Tout commence par une demande des disciples: «Augmente en nous la foi! » Malheureusement le texte liturgique ne donne pas le contexte de leur demande. Auparavant, Jésus a affirmé: « Et si sept fois le jour il pèche contre toi et que sept fois il revienne à toi, en disant: "Je me repens", tu lui remettras."» Pourquoi les disciples se mettent-ils alors à parler de foi? Eh bien, justement, tout repose sur la foi, la foi que les gens peuvent changer et vont changer, que ce qui habite notre humanité est plus grand que ce qu'on voit. Replaçons la demande des disciples dans notre contexte à nous, i.e. le conflit insoluble entre Israéliens et Palestiniens où, bien sûr, chacun a raison; ces conflits incessants qui affament les pays les plus pauvres et maintiennent dans l'itinérance des populations entières; tous ces ghettos qui révèlent ce qu'il y a de pire en l'homme; et ces charognards qui tirent profit du malheur des autres; à toutes ces situations, chacun pourrait y greffer ses propres drames à échelle réduite. Dites-moi, que veut dire exactement: « Si sept fois le jour ton frère pèche contre toi et te dis: 'Je me repent', tu lui pardonneras »? Oui, augmente en moi la foi, Seigneur. Car pardonner signifie croire qu'une relation empreinte de vie et d'amour peut reprendre.

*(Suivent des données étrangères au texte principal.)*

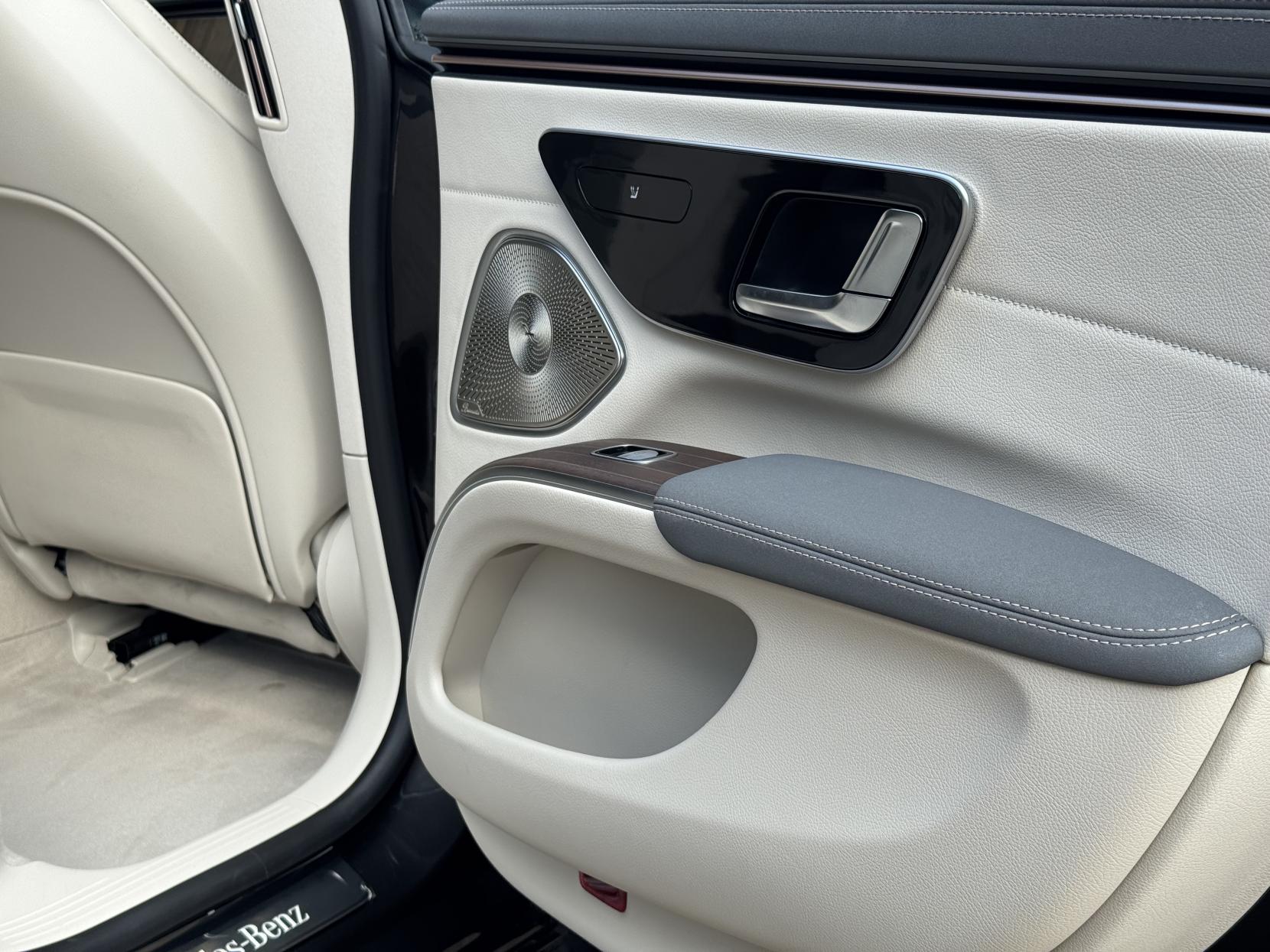 Mercedes-Benz EQS EQS 450+ 108.4kWh Exclusive Luxury Saloon 5dr Electric Auto (333 ps)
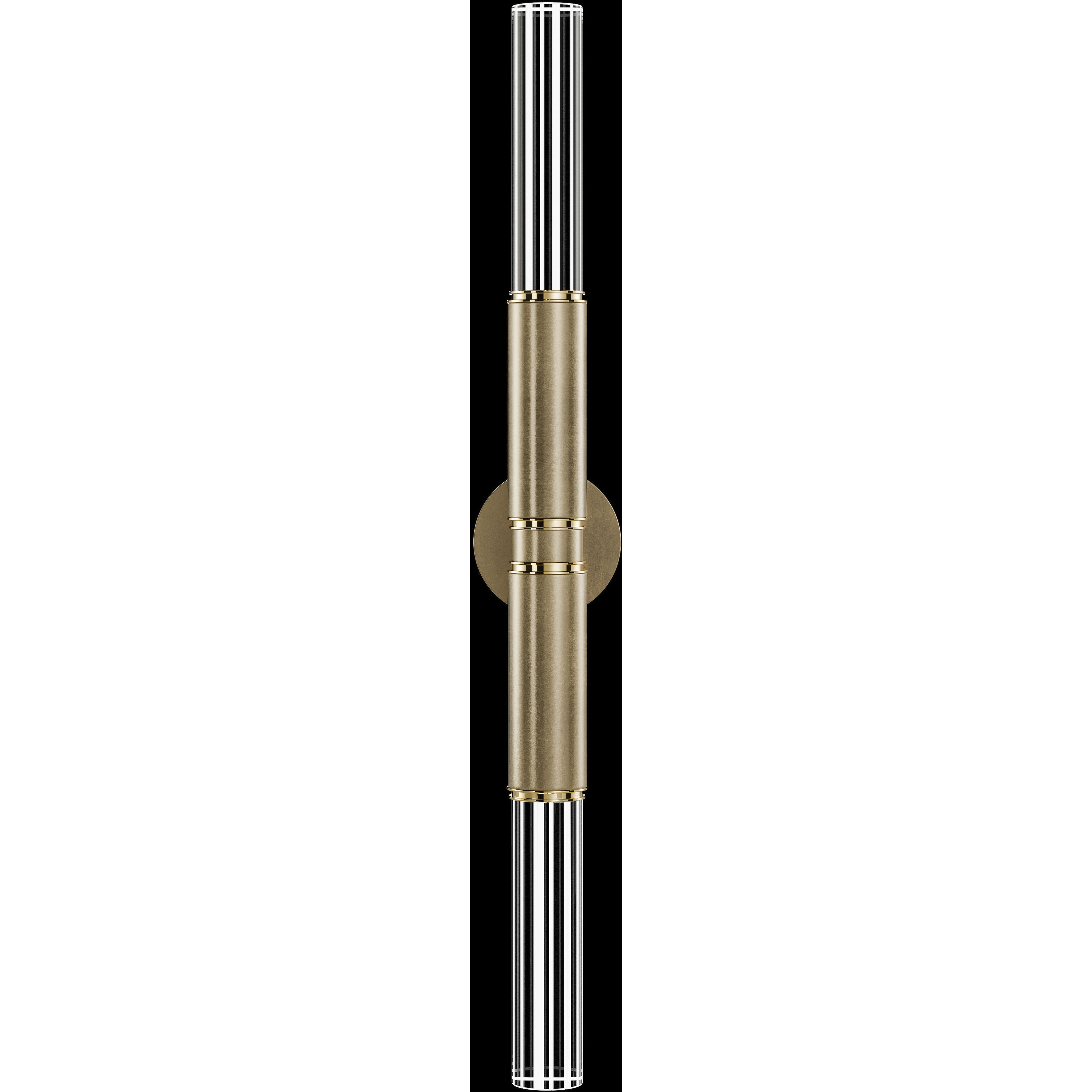 Antonia 2 Light 4.75 inch Gold ADA Sconce Wall Light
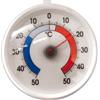 SAMBONET PADERNO INDUSTRIE S.P.A. Termometro frigo/freezer cm 5.2 - utensili cucina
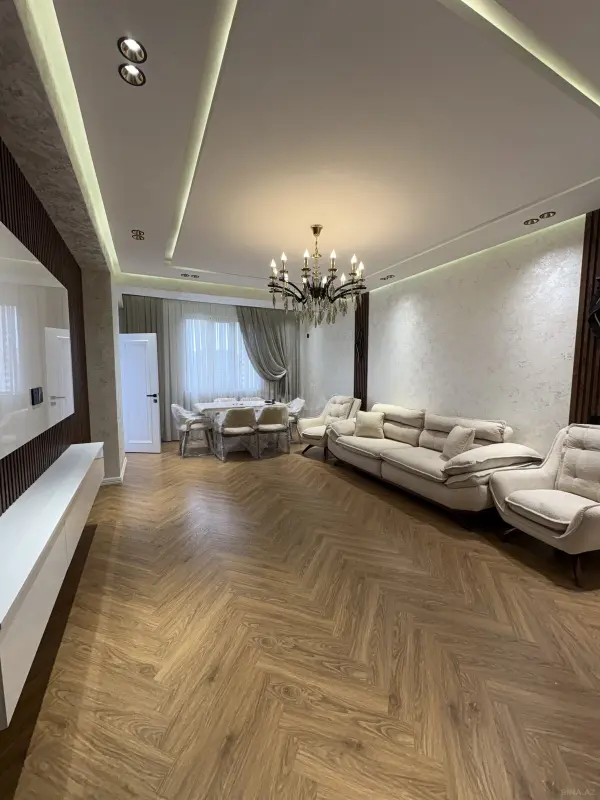 Satılır 3 otaqlı mənzil 88 m²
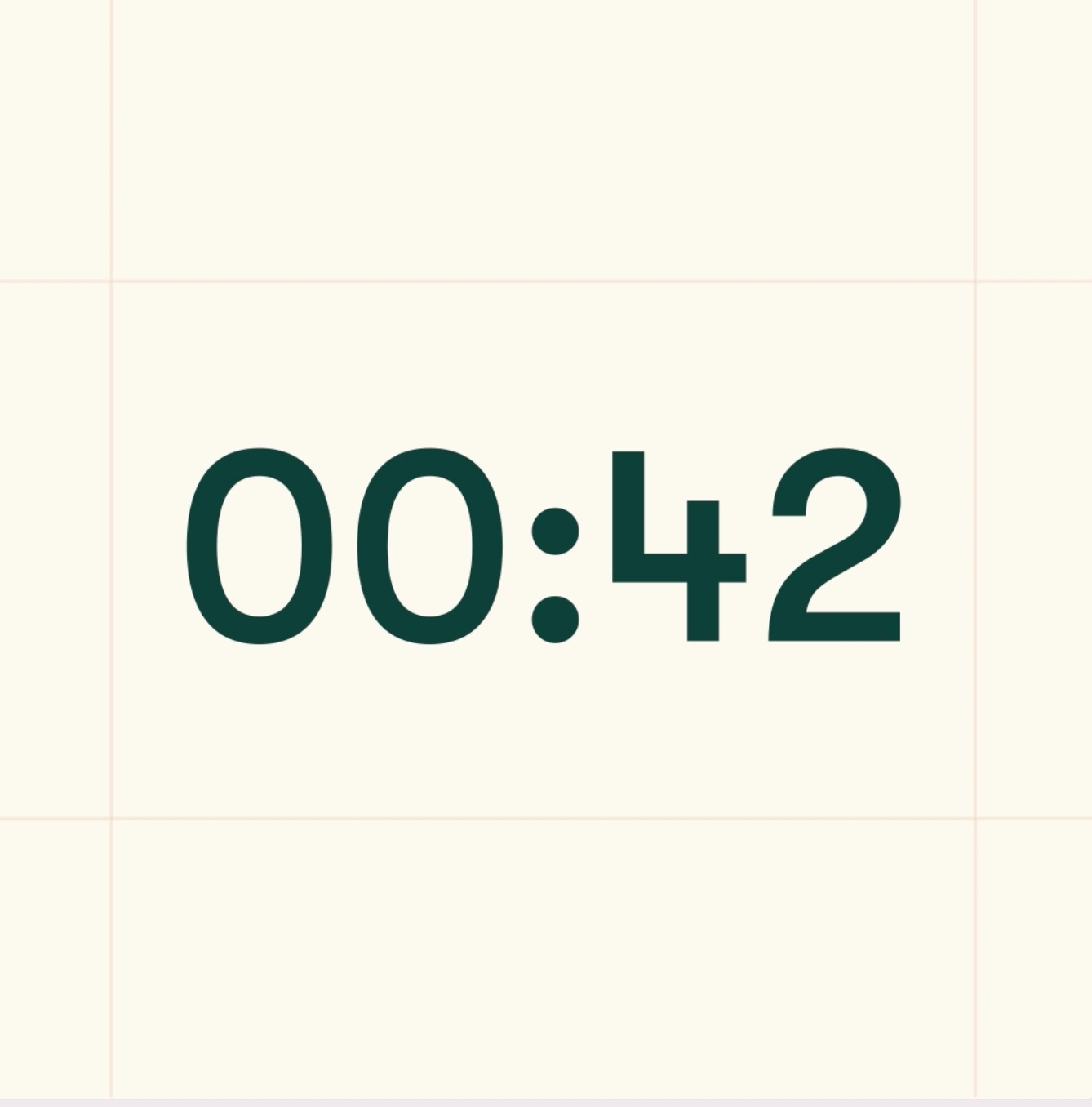 42 secs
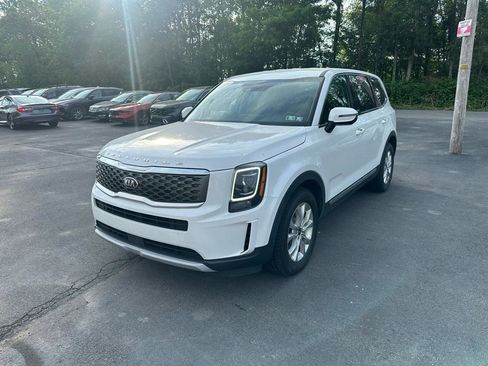 Used 2020 Kia Telluride LX AWD/4WD image 1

En peu de mots, disons-le: sans la foi, il n'y a plus d'avenir pour notre humanité. Karl Marx avait parlé de la religion comme opium du peuple. Je dis: seule la foi permet de faire agir notre humanité. Seule la foi me permet de ne pas être paralysé par ce que je vois. Seule la foi me permet de vaincre mes peurs. J'ai personnellement atteint l'âge où les gens posent la question : « De quoi vivrai-je, quand je ne pourrai plus travailler? Et si mon bas de laine n'était pas suffisant?» Sans la foi, on peut vouloir chercher stupidement une sécurité mur à mur, au mépris de toute solidarité.

Certains identifient la foi à une obstination à croire que tout ira bien malgré les démentis de la vie. Je maintiens que c'est tout à fait le contraire. C'est la foi qui nous permet d'accueillir les événements comme une parole et le fait changer d'idée, tout comme c'est la foi qui nous fait agir, dans l'espérance que la vit peut naître de la mort. C'est la foi qui nous amène à regarder le lendemain comme une aube, et non pas comme un crépuscule. C'est la foi qui nous garde toujours jeune.

Il est fort probable que je ne serais pas croyant sans l'accueil de Jésus et de son témoignage de vie. Quand il parle de foi et du rôle qu'elle joue, il parle de sa propre expérience. C'est cette foi qui lui a permis de remettre debout des êtres humains. C'est cette foi qui lui a permis d'affronter la mort comme il l'a fait. Ultimement, la résurrection est le résultat de la foi. Voilà pourquoi celle-ci est si fondamentale chaque jour d'une vie.